Olivier Bleu, Monash
O. Bleu, K. Choo, J. Levinsen and M. M. Parish
We consider the scenario of an emitter embedded in a nonideal cavity. Using an input-output approach to describe the open system, we show that an effective dissipative coupling between the emitter and the cavity can emerge because of their interaction with a common photonic environment [1].
This dissipative coupling can give rise to physical effects that do not occur in closed light-matter coupled systems. In particular, it can lead to the level attraction between the emitter and cavity mode, a phenomenon that have been reported in several independent photoluminescence experiments in semiconductor microcavities [2, 3, 4]. We also highlight that hybrid light-matter exceptional points and bound states in the continuum can be realized within this model.

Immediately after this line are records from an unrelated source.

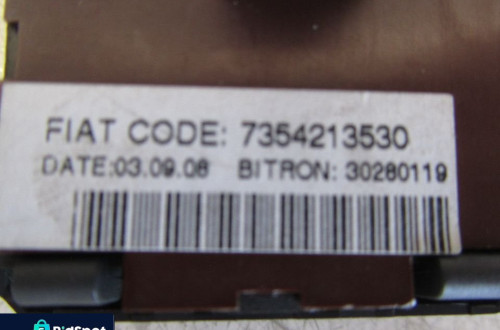 Panel sterowania włącznik świateł EU Fiat Ducato Jumper Boxer 2.3 JTD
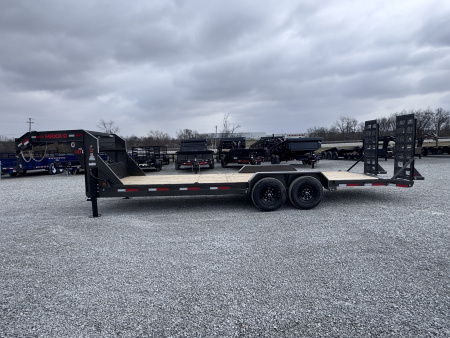 New 2026 MAXX-D C6X 83"x24' 14,000# GVWR Equipment Trailer
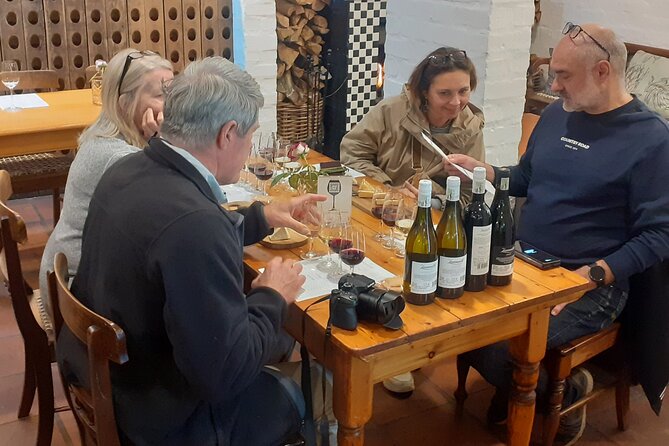 Stellenbosch&Franschhoek wineTasting Private Tour From Cape Town - Franschhoek is your lunch and walking break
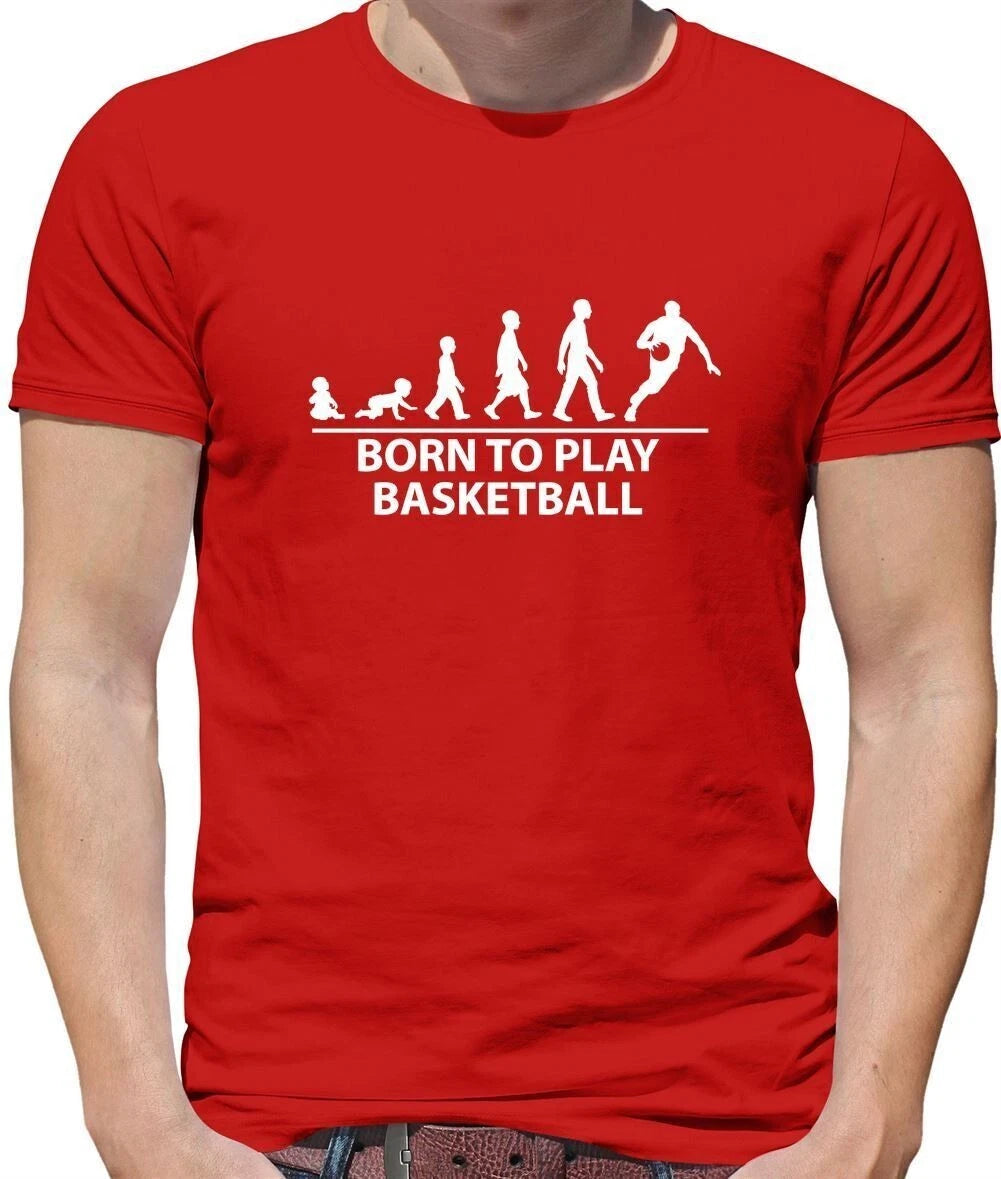Born To Play Basketball - Men's T-Shirt - Player Team Fan Ball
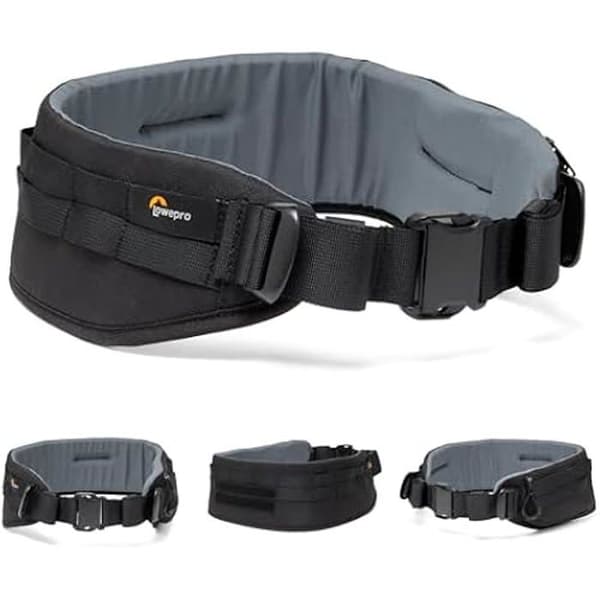 Lowepro ProTactic Utility Belt III, Kompatibel med ProTactic Kameraryggsäck 350/450 III, Toploader Objektivfodral Modulsystem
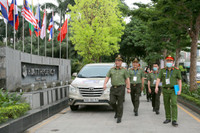 Những dấu ấn đẹp của Công an Hà Nội tại SEA Games 31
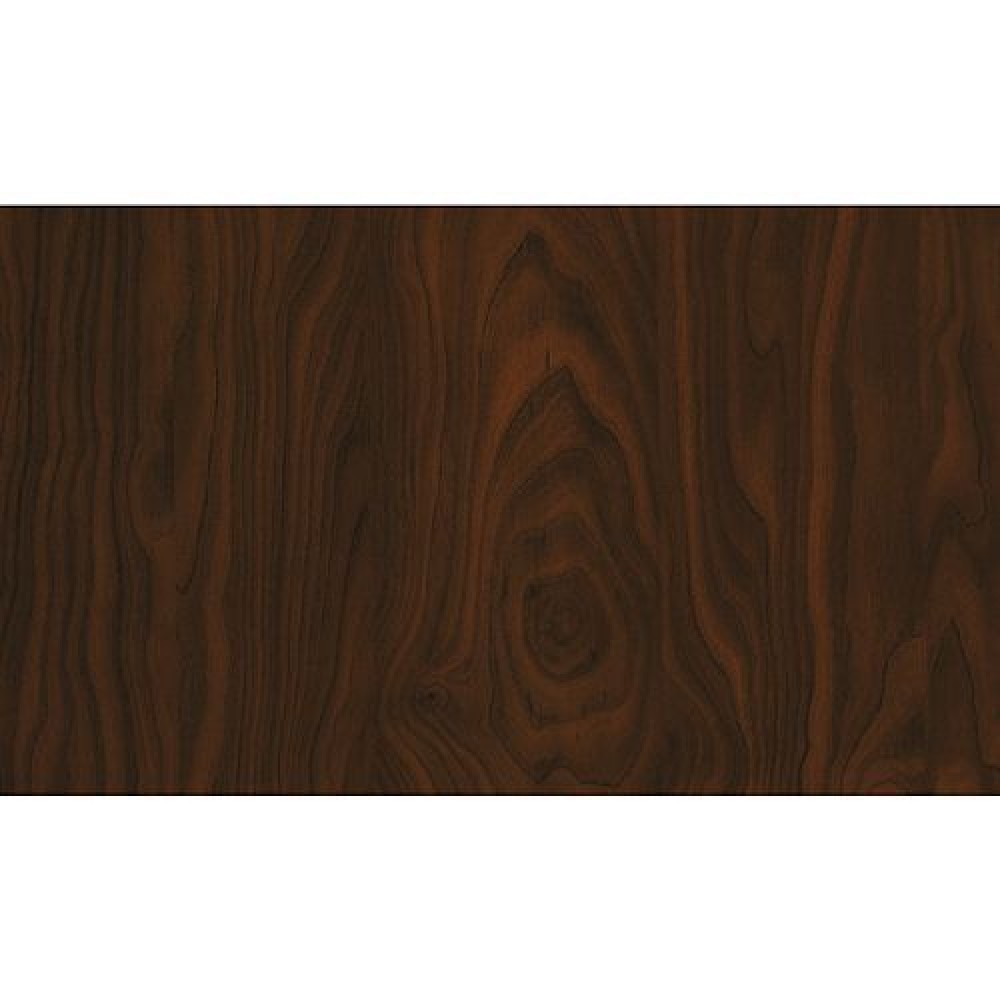 Decoratiefolie hout donker bruin 45cm 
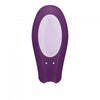 Satisfyer Double Joy Violet W/ App (net)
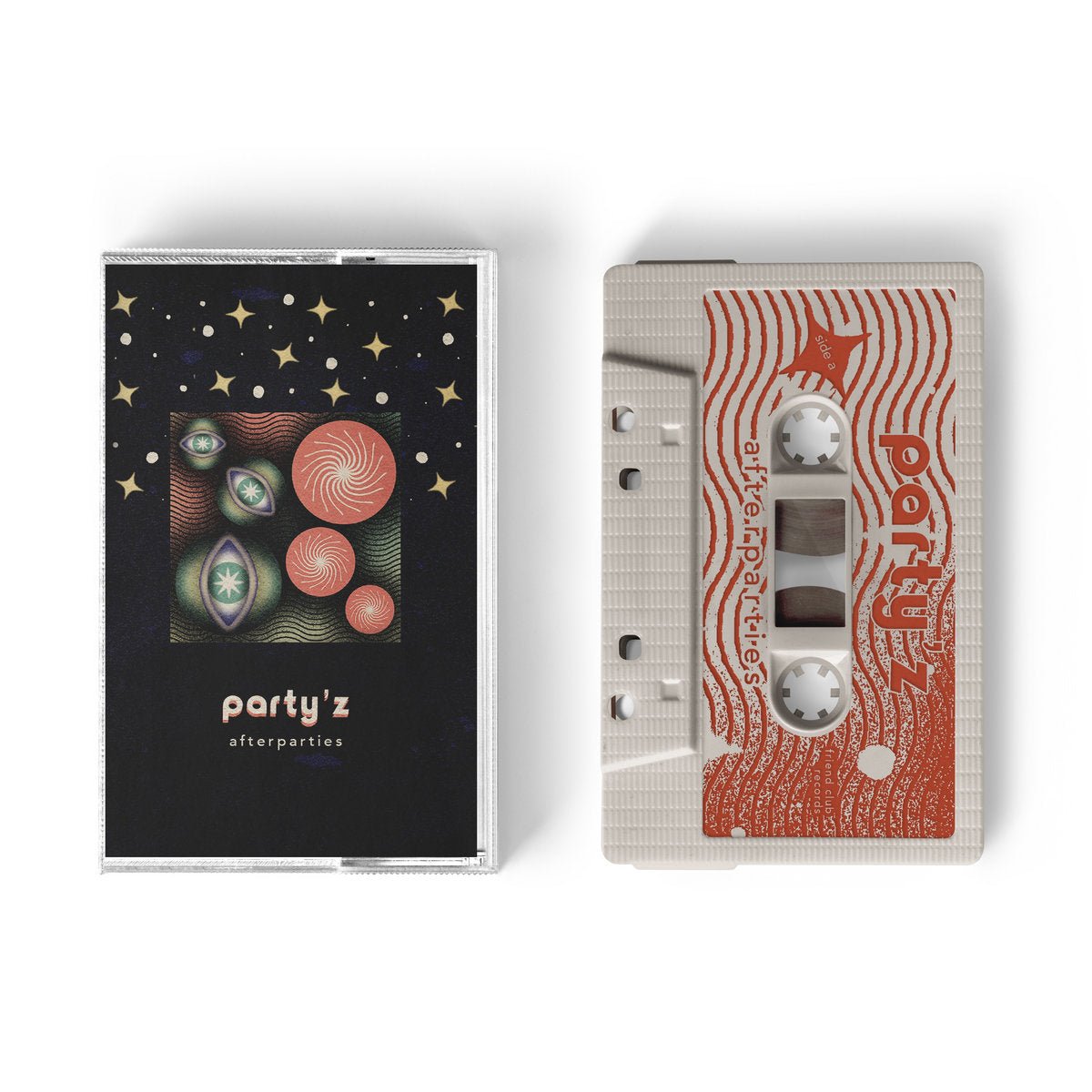 Party'z: Afterparties: Gray Shell Cassette - Steadfast Records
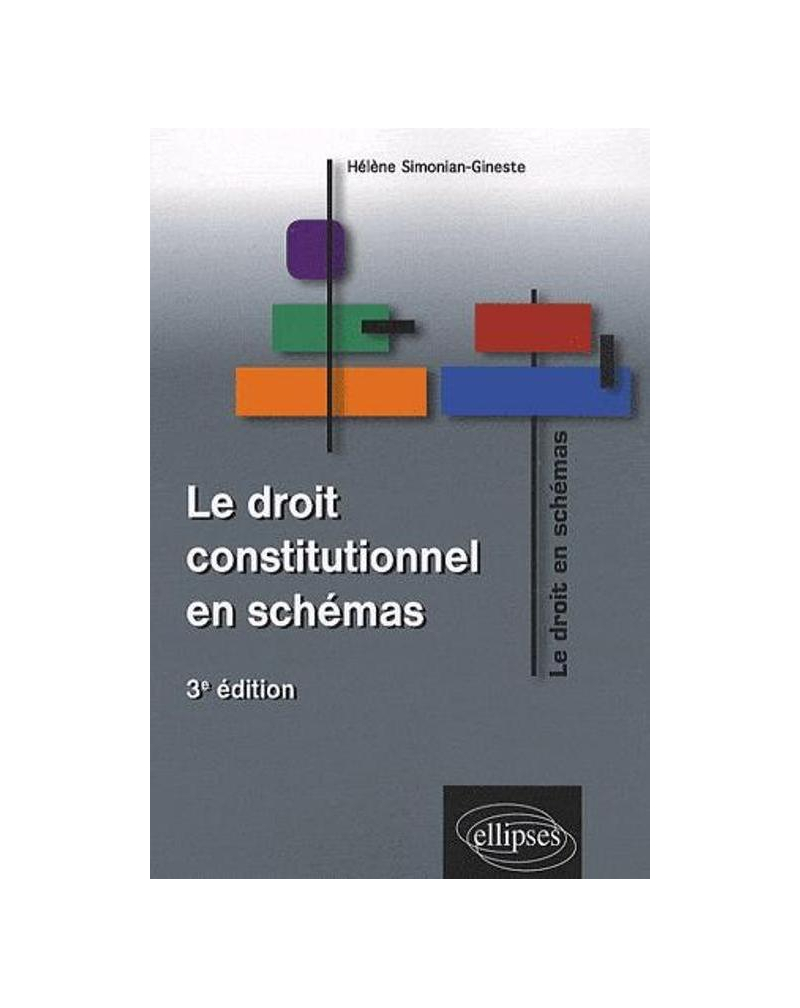 Le droit constitutionnel en schémas - 3e édition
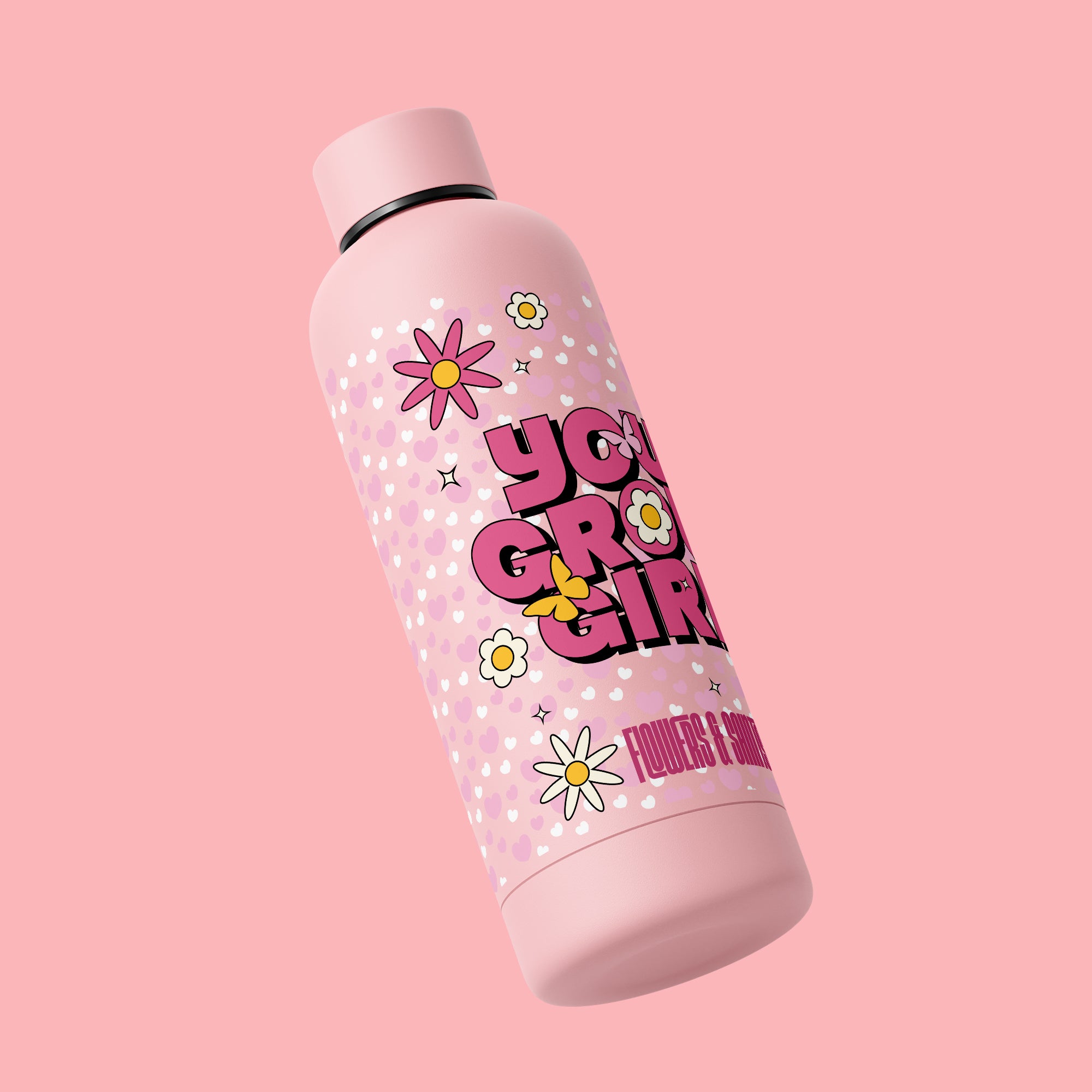 You Grow Girl - Customized Bottle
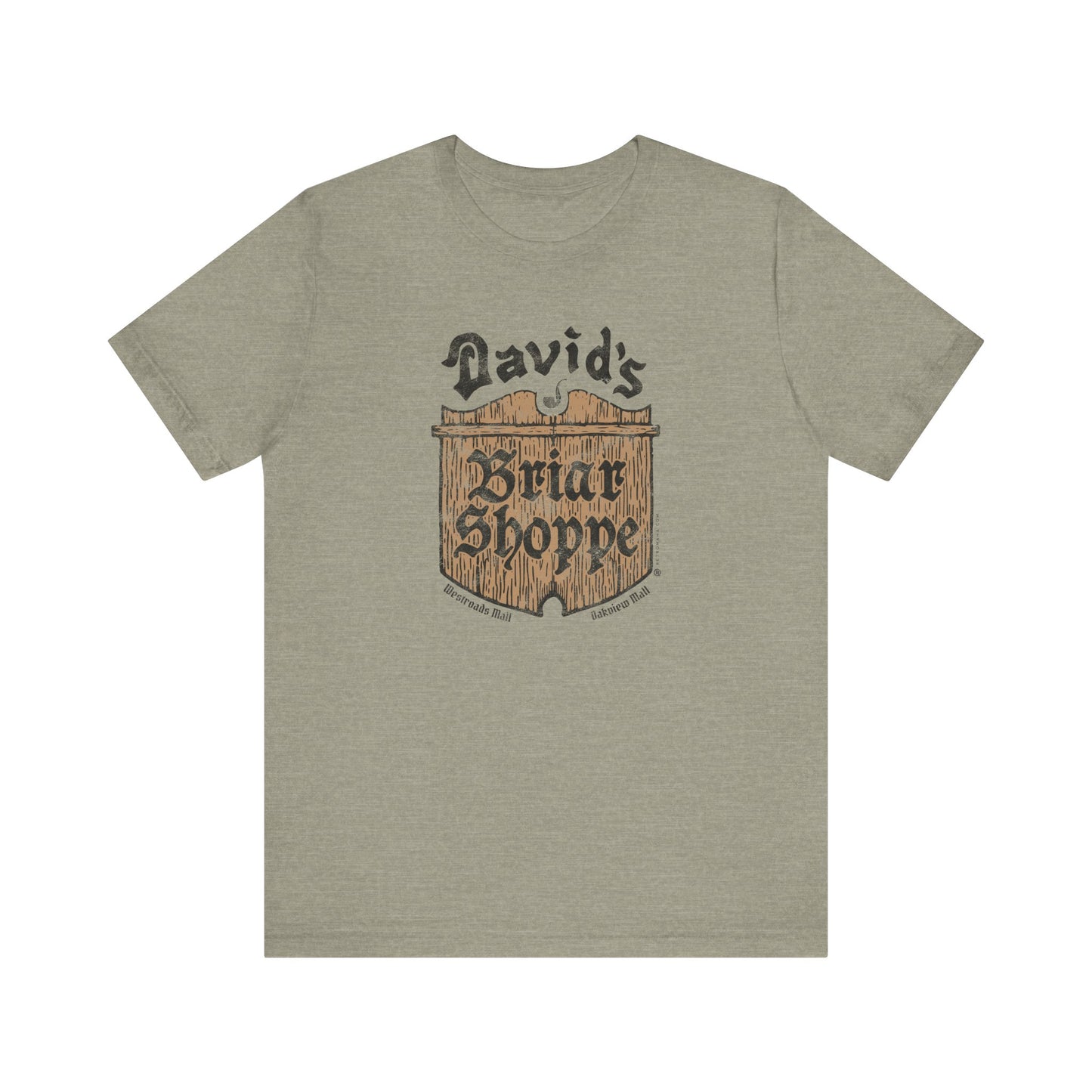 DAVID'S BRIAR SHOPPE Short Sleeve Tee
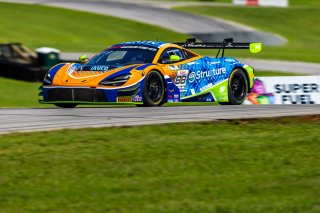 #88 McLaren 720S GT3 EVO of Todd Coleman and Aaron Telitz, Archangel Motorsports, Pro-Am, GT World Challenge America Powered by AWS, SRO America, Virginia International Raceway, Alton, VA, July 18-20, 2025.
 | Fabian Lagunas | www.lagunasphotography.com | For SRO Motorsports Group 2025
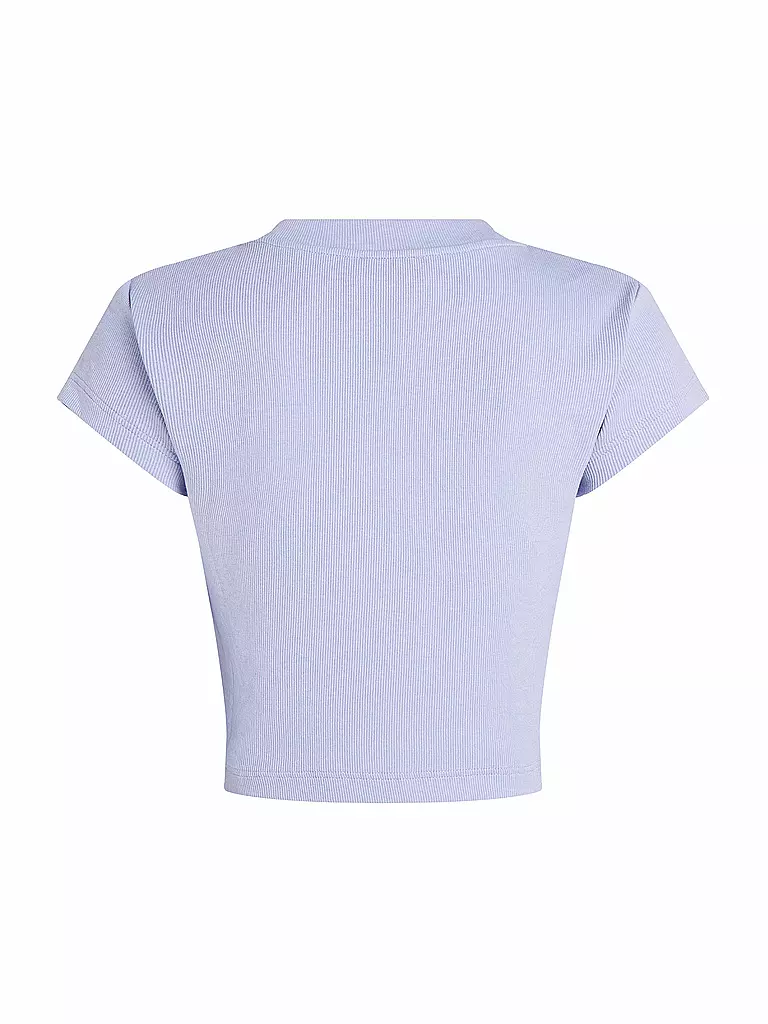 CALVIN KLEIN JEANS | T-shirt cropped fit | Lilla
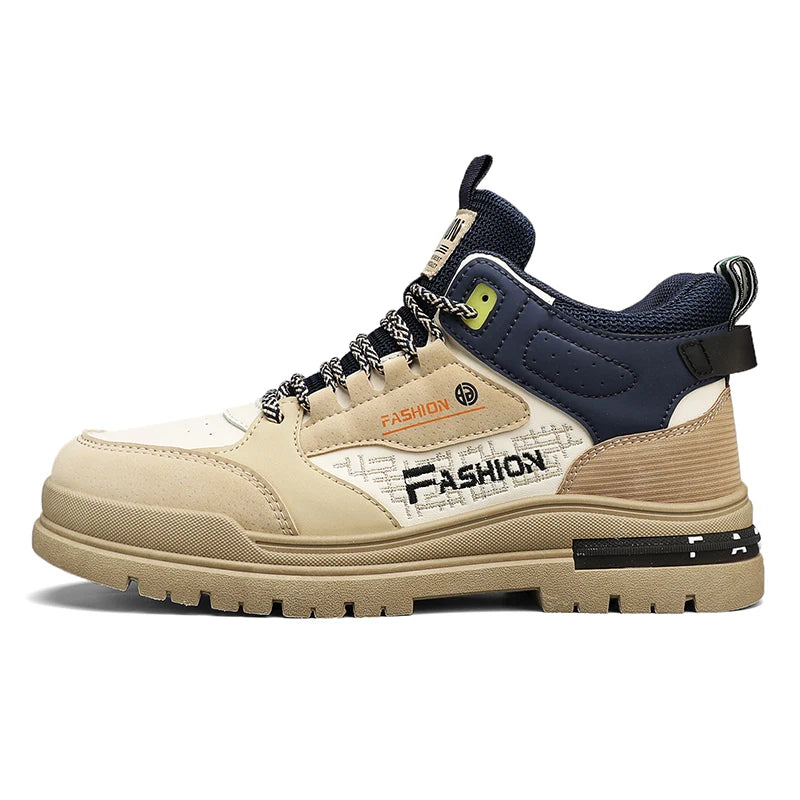 Zapatillas Casual Vulcanizadas para Hombre – Zapatos de Suela Blanda para Caminar y Exteriores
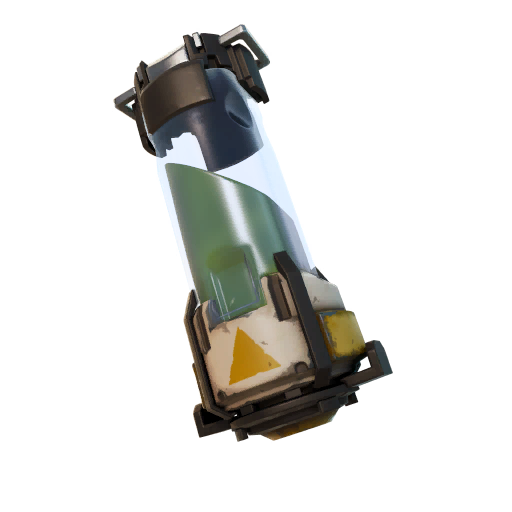 Blaze Canister — Fortnite back bling icon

[1] OB, K. Choo, J. Levinsen, M. M. Parish, arXiv:2301.02221 [2] T. Tawara, et al, Opt. Express 18, 2719 (2010) [3] S. Dhara, et al, Nature Physics 14, 130 (2018) [4] M. Wurdack, et al, Nature Communications 14, 1026 (2023)About the presenter
Dr Olivier Bleu is a Postdoctoral Research Fellow working with Prof Meera Parish and Dr Jesper Levinsen at Monash University within FLEET’s Research themes 2: Exciton superfluids. His research interests include Berry curvature and related effects, topological photonics, Bose-Einstein condensates and exciton-polariton physics.